Il settimo Talamo, trasportato a spalla secondo l'antica tradizione, ha concluso a Orsogna (Chieti) la Festa dei Talami, sfilata di quadri biblici viventi risalente al XIII-XIV secolo: scene del Vecchio e Nuovo Testamento sono state interpretate da attori immobili in costume, su palcoscenici con alle spalle un fondale dipinto, trasportati su carri per le vie del paese. In cima al fondale, circondata da una raggiera, è stata posta una bambina che rappresenta la Madonna del Rifugio, cui è dedicata la festa. Un'edizione ricca di suggestioni, di immagini, di colori, con la presenza di tanti turisti, a conferma della bontà della scelta presa l'anno scorso dagli organizzatori, che hanno anticipato di 24 ore la sfilata al lunedì di Pasqua. Il prossimo appuntamento è per l'affollatissima edizione estiva, che si terrà la sera di Ferragosto, dalle ore 21.30 in poi.

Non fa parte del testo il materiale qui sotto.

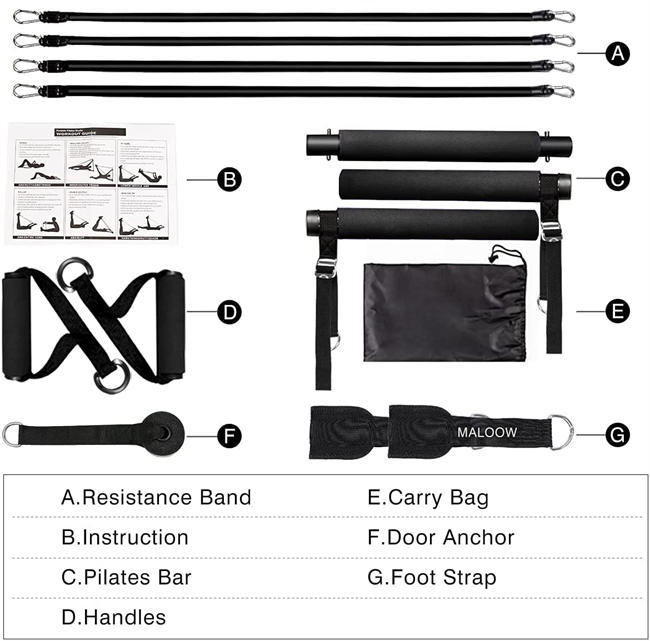 Adjustable Pilates Bar Kit with Resistance Bands,Portable Yoga Exercise Sticks&2 Sets Stackable Resistance Bands for Toning Muscle,Legs,Butt.Stretched Fusion Pilates Home Gym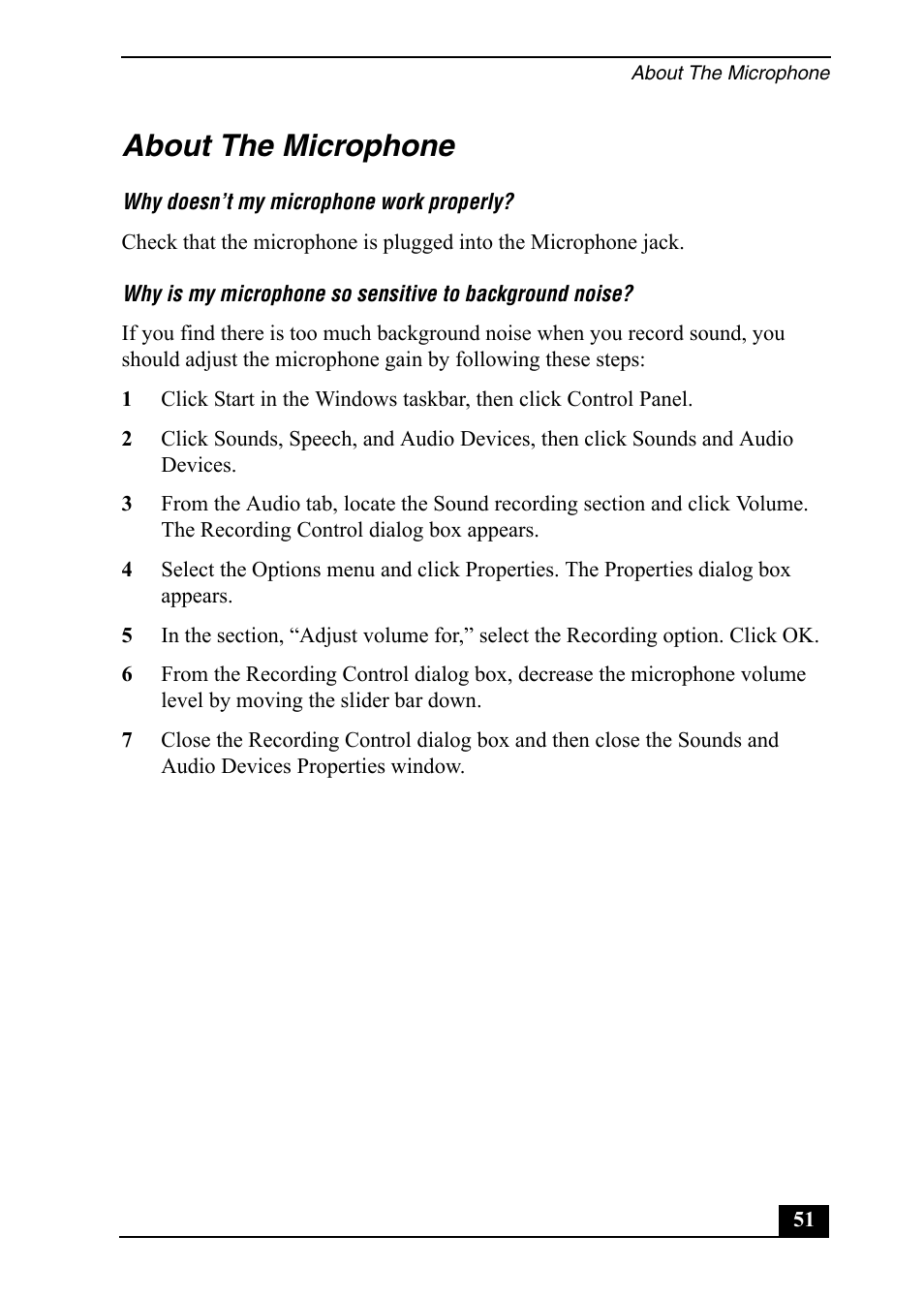 About the microphone | Sony Vaio Series User Manual | Page 51 / 72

Molto bella e particolare la scenografia del Talamo
trasportato a spalla dal Gruppo alpini, il settimo - partito da «lu Quarte de San Giuvanne» (il Belvedere) - e dedicato al passo biblico che descrive il «Libro dei sette sigilli», tenuto sul carro da un angelo. Ma tutti i Talami quest'anno sono stati a lungo applauditi per la cura dei dettagli e la bellezza di costumi e fondali realizzati dagli artisti orsognesi. L'edizione 2008 è stata impreziosita dal commento che, per le scene di ciascun Talamo, ha regalato alla piazza il vescovo di Sulmona-Valva, monsignor Angelo Spina, il quale dal balcone del Municipio ha improvvisato anche momenti di simpatico dialogo con gli attori.
Questi i temi degli altri Talami che hanno sfilato in piazza Mazzini: il primo, realizzato da Annamaria Cavaliere e partito dal quartiere «Li 'mburze» (via Borgo Romano),
interpretava «La visione di Giacobbe a Bet-El»; il secondo Talamo, a cura del Gruppo Scout Orsogna I, è partito da «lu Quarte de la Ville» (corso Umberto I) e ha raccontato un passo della Genesi, «Giuseppe e i suoi sogni»; il terzo carro (che si è mosso sempre da «lu Quarte de la Ville», ma attraverso via Adriatico) è opera della Scuola Media «Paolucci», che ha descritto la scena biblica di «Baldassarre e le parole misteriose»; il quarto Talamo (curato da Elisabetta Mastrocola), dedicato all'«Annuncio della nascita di Giovanni», si è mosso da «lu Quarte Abballe» (piazza Martiri civili); il quinto, realizzato da Paolo Di Scipio, ha descritto «La fuga in Egitto», giungendo da «lu Quarte Ammonte» (via Raffaele Paolucci);
il sesto Talamo, partito da «lu Quarte Abballe» (via Trento e Trieste) è stato affrescato da Maria Antonietta Zumbo che ha reinterpretato l'episodio biblico del Signore che esorta Paolo.
L'Associazione culturale Talami Orsogna e l'Amministrazione comunale hanno dedicato la manifestazione di quest'anno al fotografo Sandro Jajani, scomparso di recente, il quale per decenni con la sua arte aveva colto e valorizzato le immagini dei Talami, dispensando sempre idee e suggerimenti. La sfilata si è fermata per qualche minuto, proprio per dedicargli un commosso ricordo e un «grazie».